■ **Problem**:
Could you set down the lines from the first line of the entries below through the line with "1908 Benz 150HP Rennwagen", exactly and with no pictures?

■ **Material provided**:
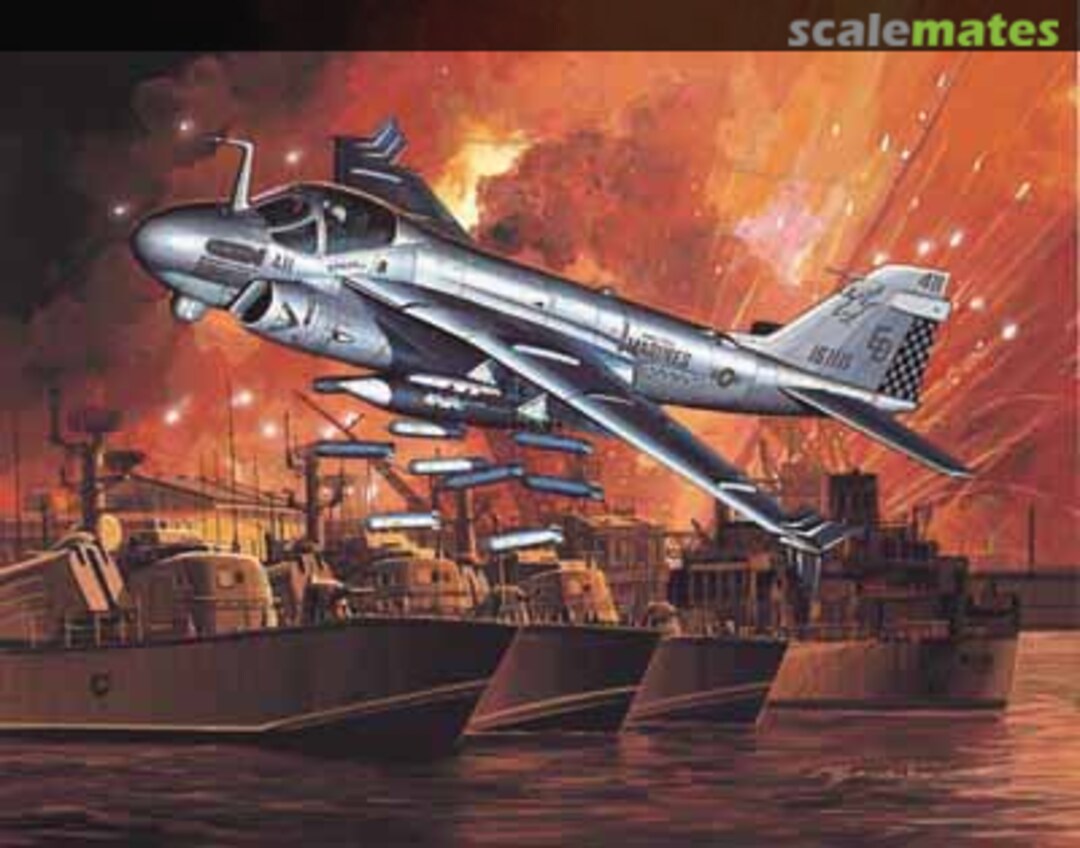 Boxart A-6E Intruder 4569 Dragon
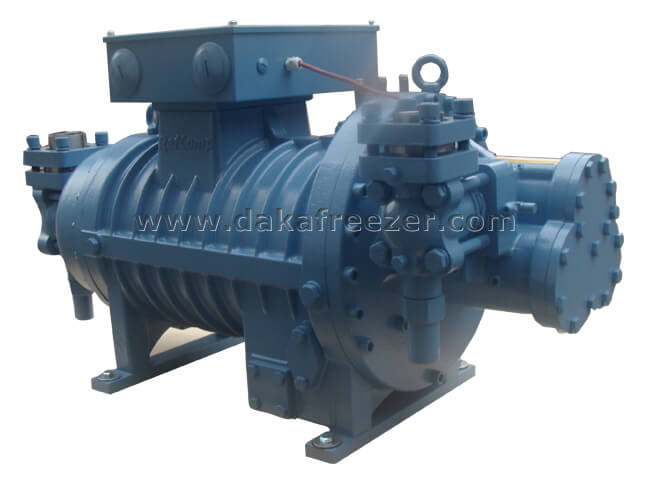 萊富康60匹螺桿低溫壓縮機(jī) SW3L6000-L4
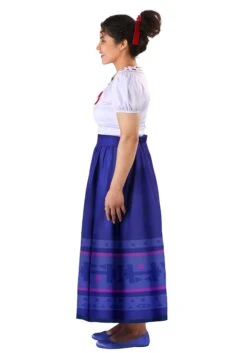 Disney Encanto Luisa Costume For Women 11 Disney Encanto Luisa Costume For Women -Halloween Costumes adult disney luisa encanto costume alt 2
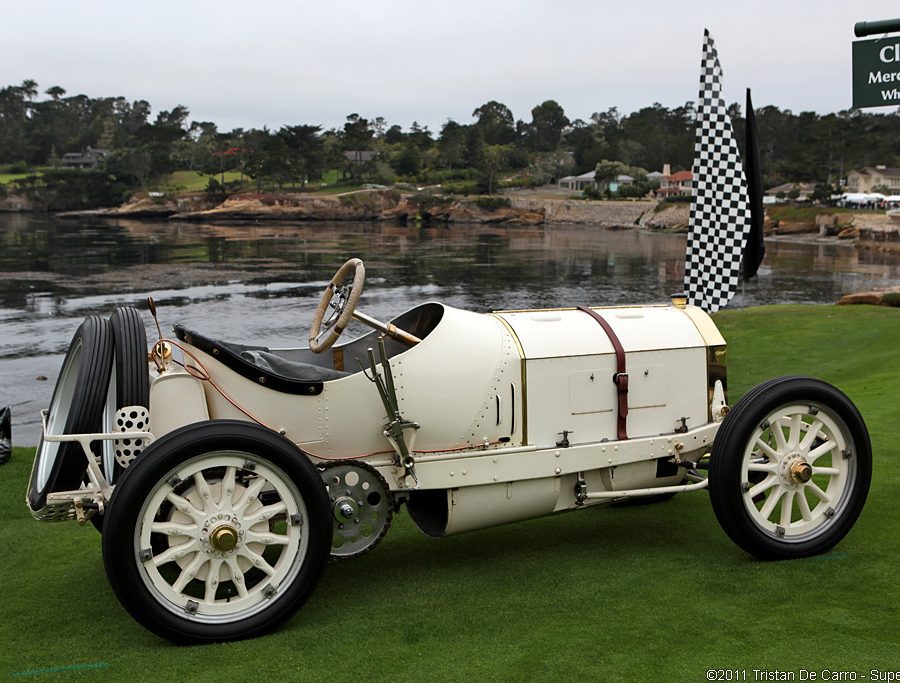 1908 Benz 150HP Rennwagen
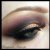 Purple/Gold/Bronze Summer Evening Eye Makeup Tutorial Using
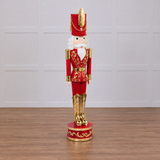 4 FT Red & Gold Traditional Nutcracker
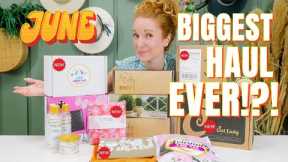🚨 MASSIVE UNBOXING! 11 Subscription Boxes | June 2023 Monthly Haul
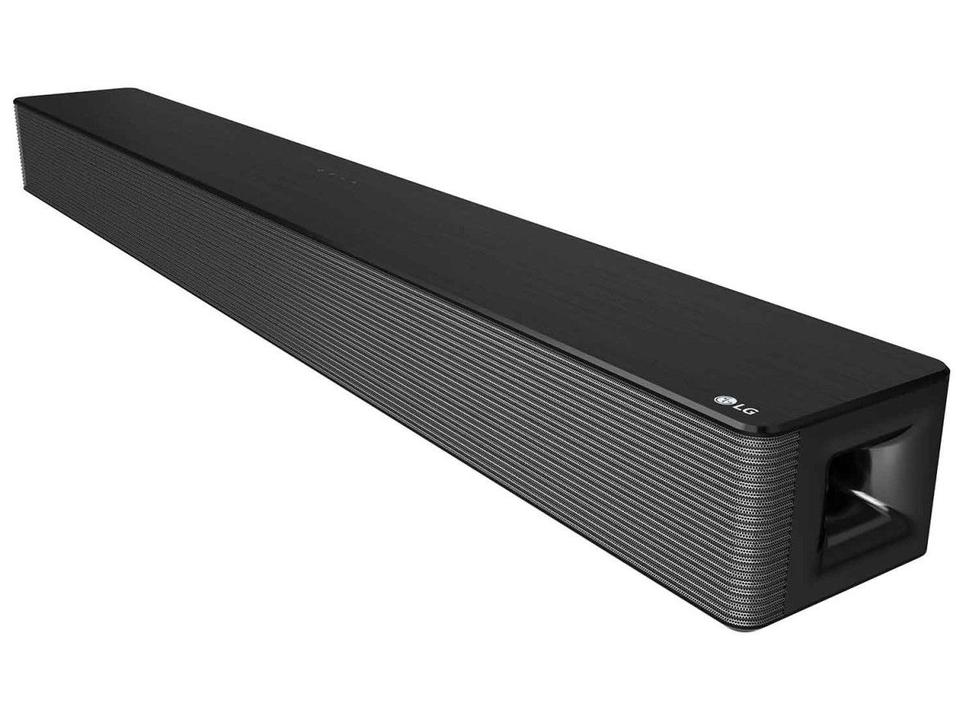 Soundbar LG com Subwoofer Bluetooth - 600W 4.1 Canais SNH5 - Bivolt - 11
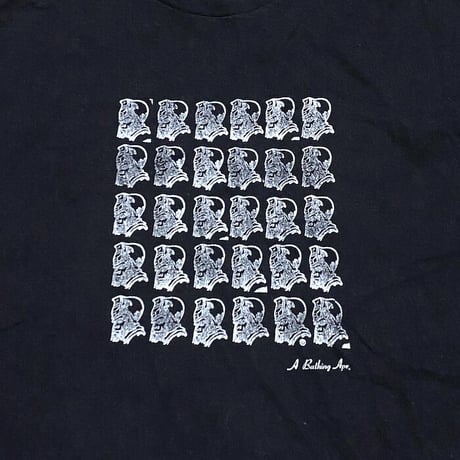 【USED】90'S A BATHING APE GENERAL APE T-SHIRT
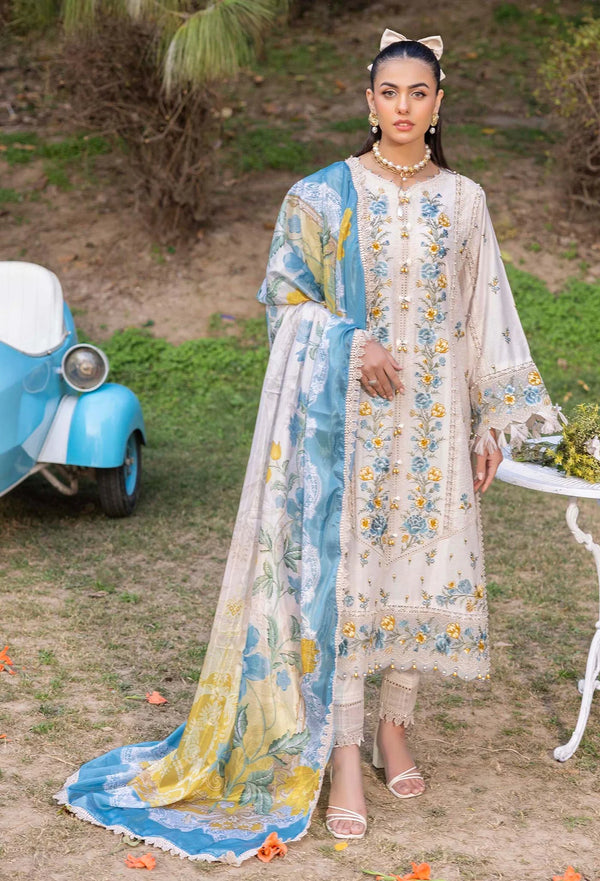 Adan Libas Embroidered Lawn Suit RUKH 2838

■ **Expected answer**:
 Boxart A-6E Intruder 4569 Dragon
 萊富康60匹螺桿低溫壓縮機(jī) SW3L6000-L4
 Disney Encanto Luisa Costume For Women 11 Disney Encanto Luisa Costume For Women -Halloween Costumes adult disney luisa encanto costume alt 2
 1908 Benz 150HP Rennwagen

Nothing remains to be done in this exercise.